Once I returned from Easter Island, I wanted to stay a few days in Santiago.
Flying Over The Andes
CE3/WJ2O QSL Card
Getting My License
I received an application from the ARRL and, as instructed, I set it along with a postal money order of $25.00 to the:
Radio Club de Chile
Nataniel Cox 1054
Casilla 13630 Santiago
The application said to send two passport size photos. They sent them back saying they didn’t need them along with a receipt for my fee. But no license.
Upon arriving in Santiago, I set out on the trek to find my license. I had no idea where to start, I spoke next to no Spanish and it was raining. Santiago is a beautiful city even on rainy days, complete with an excellent subway system and a rule that a cab fare can never be more than the US equivalent of about $1.50. I spent the entire day but I found the right place, learned a lot of Spanish words and the sun came out.
For those of you wishing to save time, get into any cab and ask to go to Amunategui 178 which is a corner building.

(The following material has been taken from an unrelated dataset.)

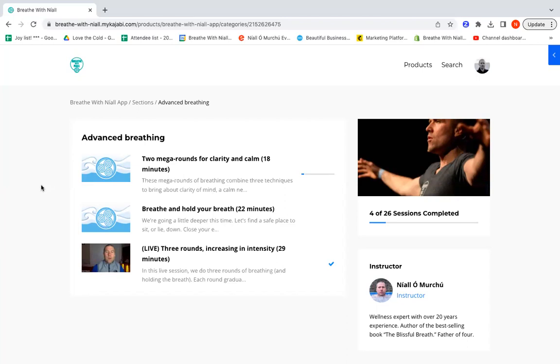Because they're a little bit more advanced, they're also more profound in how long lasting the benefits are. These are a great place to explore. Try them out, find which ones you like best, and I'll be adding a lot more content into this section over the coming months.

On the 7th floor is the Ministry of Telecommunications. When you exit the elevators, go into the office on the left that has double doors. Once inside turn a little to the right and there is a small window that says “Radioaficionado” (this translates to Radio Amateur). Then gentleman spoke no English but understood “WJ2O”. He went through a small pile of paper and to my surprise pulled out my license all typed, ready and paid for. I shook his hand and set back to the hotel with a feeling of accomplishment.
Customs had me place one of my two large cases up on an X-ray machine, and then waved me on.